Les tensions ne concernent pas seulement les droits de douane. Les restrictions technologiques imposées à la Chine par les Etats-Unis s’élargissent. Le 18 juillet, les valeurs technologiques ont chuté à la suite d’informations selon lesquelles l’administration Biden envisageait de renforcer les restrictions imposées à la Chine en matière de technologie de fabrication de puces. L’indice Nasdaq, à forte composante technologique, a chuté de 2,8%, sa pire journée depuis 2022. Nous pensons que ces incertitudes accrues en matière de politique commerciale persisteront à l’approche des élections américaines et déclencheront des épisodes de volatilité sporadiques sur les marchés.

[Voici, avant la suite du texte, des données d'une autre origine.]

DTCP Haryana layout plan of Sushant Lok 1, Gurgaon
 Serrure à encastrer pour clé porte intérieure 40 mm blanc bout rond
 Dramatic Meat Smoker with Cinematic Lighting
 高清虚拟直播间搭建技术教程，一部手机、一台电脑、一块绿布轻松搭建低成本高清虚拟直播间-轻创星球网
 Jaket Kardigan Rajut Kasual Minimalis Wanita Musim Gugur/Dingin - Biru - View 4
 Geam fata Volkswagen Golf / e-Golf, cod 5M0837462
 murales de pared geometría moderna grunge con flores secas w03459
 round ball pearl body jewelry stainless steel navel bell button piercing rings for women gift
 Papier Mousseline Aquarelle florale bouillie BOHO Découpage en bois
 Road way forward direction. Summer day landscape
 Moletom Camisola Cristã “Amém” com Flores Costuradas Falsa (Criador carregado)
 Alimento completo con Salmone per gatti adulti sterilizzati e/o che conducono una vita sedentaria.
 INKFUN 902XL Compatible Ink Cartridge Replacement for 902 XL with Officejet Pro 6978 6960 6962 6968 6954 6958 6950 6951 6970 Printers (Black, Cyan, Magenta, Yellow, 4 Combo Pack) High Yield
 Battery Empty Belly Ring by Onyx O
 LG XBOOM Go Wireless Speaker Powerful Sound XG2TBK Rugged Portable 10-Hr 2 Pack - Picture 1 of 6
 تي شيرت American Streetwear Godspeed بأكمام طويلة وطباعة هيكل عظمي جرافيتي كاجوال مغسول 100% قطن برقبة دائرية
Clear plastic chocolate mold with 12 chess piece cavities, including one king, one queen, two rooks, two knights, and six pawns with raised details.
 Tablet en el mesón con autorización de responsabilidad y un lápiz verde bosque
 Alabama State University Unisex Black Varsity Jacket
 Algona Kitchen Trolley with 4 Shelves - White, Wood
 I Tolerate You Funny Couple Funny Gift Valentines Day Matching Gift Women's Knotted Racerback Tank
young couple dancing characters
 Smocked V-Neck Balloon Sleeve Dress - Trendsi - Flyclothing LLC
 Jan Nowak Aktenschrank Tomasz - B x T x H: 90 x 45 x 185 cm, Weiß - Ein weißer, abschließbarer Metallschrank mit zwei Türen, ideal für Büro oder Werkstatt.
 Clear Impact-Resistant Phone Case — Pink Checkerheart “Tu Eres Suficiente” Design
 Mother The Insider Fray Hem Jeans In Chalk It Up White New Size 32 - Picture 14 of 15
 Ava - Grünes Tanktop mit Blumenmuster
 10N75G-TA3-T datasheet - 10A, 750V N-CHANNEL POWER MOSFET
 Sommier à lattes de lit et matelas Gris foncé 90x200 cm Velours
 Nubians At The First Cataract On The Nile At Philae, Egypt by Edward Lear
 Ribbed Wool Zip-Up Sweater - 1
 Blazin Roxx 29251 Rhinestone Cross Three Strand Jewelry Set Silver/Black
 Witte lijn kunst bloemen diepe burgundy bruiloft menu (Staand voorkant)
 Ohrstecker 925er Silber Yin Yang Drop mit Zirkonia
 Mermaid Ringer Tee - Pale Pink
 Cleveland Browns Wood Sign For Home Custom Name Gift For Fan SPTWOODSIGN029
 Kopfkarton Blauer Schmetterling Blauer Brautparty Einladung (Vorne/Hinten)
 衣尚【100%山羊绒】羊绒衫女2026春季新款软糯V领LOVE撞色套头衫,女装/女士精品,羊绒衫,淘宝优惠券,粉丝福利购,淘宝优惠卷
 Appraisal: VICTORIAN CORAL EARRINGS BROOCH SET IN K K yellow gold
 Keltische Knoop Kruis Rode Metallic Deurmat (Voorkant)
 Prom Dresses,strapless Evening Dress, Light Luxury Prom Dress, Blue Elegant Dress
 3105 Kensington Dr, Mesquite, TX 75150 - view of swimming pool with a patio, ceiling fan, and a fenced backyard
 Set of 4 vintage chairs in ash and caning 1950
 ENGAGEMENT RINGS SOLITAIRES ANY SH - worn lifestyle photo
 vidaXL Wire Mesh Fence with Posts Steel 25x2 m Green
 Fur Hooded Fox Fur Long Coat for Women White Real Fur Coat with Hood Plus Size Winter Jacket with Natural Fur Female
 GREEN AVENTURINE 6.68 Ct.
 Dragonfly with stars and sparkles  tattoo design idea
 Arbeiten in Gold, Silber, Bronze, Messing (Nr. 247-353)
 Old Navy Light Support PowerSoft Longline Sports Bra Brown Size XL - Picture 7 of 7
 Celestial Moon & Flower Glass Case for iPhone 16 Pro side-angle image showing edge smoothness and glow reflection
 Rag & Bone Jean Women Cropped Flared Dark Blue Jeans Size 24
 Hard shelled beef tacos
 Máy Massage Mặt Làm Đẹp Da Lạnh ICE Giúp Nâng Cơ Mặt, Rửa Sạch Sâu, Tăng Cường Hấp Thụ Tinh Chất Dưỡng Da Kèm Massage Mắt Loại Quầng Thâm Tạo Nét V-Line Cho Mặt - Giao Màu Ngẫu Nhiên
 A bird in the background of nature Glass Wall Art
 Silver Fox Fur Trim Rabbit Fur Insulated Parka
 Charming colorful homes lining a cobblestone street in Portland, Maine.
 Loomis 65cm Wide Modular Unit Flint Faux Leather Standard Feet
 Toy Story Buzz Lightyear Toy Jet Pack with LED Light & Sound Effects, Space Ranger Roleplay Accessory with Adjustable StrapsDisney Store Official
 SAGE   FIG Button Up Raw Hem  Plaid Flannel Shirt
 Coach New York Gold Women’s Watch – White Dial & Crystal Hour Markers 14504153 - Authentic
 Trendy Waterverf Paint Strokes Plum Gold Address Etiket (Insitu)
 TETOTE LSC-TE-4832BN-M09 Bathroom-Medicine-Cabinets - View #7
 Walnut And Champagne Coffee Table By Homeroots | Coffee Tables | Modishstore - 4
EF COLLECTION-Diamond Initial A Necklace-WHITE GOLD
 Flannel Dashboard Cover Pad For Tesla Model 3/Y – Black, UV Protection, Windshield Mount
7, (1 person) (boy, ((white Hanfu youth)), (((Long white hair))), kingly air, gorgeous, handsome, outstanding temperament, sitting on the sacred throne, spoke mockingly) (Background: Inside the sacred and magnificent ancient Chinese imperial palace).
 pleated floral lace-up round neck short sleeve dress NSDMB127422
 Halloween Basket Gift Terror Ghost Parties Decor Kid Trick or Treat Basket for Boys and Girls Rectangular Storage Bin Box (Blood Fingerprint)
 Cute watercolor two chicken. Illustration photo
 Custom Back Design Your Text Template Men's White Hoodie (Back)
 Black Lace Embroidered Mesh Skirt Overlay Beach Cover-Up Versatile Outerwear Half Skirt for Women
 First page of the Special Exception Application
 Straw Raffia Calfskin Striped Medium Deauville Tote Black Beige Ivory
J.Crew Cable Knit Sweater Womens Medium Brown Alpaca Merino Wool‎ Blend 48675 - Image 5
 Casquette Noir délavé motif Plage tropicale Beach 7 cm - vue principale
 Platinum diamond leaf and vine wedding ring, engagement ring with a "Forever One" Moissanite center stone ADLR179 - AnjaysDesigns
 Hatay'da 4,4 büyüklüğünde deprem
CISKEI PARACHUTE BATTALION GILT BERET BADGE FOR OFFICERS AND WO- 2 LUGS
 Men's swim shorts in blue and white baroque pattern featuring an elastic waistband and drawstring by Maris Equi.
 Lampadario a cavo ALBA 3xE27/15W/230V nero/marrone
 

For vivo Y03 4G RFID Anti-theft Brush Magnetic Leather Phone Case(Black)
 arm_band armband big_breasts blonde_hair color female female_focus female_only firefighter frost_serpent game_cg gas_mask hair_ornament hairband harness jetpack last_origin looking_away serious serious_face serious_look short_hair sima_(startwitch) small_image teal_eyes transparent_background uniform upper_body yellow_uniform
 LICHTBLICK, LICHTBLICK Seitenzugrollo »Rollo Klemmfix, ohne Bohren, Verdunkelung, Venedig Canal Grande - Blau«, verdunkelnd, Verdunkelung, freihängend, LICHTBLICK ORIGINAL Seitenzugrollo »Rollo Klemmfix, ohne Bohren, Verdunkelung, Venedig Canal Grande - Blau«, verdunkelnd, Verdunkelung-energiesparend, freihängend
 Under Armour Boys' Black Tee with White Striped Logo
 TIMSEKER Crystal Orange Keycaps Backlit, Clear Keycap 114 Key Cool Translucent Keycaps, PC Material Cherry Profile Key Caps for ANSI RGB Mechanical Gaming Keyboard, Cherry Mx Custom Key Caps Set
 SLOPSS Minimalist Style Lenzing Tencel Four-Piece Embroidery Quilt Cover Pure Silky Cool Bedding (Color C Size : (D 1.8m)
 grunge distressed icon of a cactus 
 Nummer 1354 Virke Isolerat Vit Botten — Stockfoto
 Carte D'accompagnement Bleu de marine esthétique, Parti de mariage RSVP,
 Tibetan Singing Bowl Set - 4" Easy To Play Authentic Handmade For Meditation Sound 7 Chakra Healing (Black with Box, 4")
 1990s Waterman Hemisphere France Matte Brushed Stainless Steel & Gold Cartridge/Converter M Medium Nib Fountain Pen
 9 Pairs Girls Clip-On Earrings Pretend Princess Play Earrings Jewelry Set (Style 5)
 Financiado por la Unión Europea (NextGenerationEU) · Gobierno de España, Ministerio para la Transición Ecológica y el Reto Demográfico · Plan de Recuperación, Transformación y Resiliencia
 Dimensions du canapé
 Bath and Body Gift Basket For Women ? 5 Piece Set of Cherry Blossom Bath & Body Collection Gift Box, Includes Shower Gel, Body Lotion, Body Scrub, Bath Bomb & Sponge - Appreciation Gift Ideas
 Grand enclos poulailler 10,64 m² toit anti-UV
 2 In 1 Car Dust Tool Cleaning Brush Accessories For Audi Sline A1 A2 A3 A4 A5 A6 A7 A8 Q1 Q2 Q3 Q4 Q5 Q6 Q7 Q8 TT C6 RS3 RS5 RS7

Une posture neutre à l’égard des actions chinoises
Après un retour en force entre la fin janvier et la mi-mai dans l’attente de mesures de relance agressives, les marchés chinois ont depuis manqué de direction. Dans un contexte de sentiment de marché faible et de valorisations basses des actions chinoises, l’annonce de nouvelles mesures de soutien ciblées dans les semaines à venir pourrait provoquer un rebond. Toutefois, ces dernières ne devraient pas changer la donne.
En l’absence de réformes et de mesures de relance convaincantes, nous pensons que les marchés boursiers du pays peineront à susciter l’intérêt des investisseurs, qui ont pris acte de leur sous-performance, de l’affaiblissement de la croissance et de la probabilité croissante de restrictions commerciales plus sévères de la part des Etats-Unis et de l’Europe. Nous maintenons donc une exposition aux actifs chinois conforme à l’indice de référence du marché, estimant que tout catalyseur politique à court terme sera contrebalancé par de nombreux défis qui ne sont que partiellement intégrés dans les cours. A l’approche des élections américaines, qui pourraient provoquer de nouveaux chocs pour les entreprises chinoises, une exposition neutre aux actions du pays semble l’approche d’investissement la plus appropriée.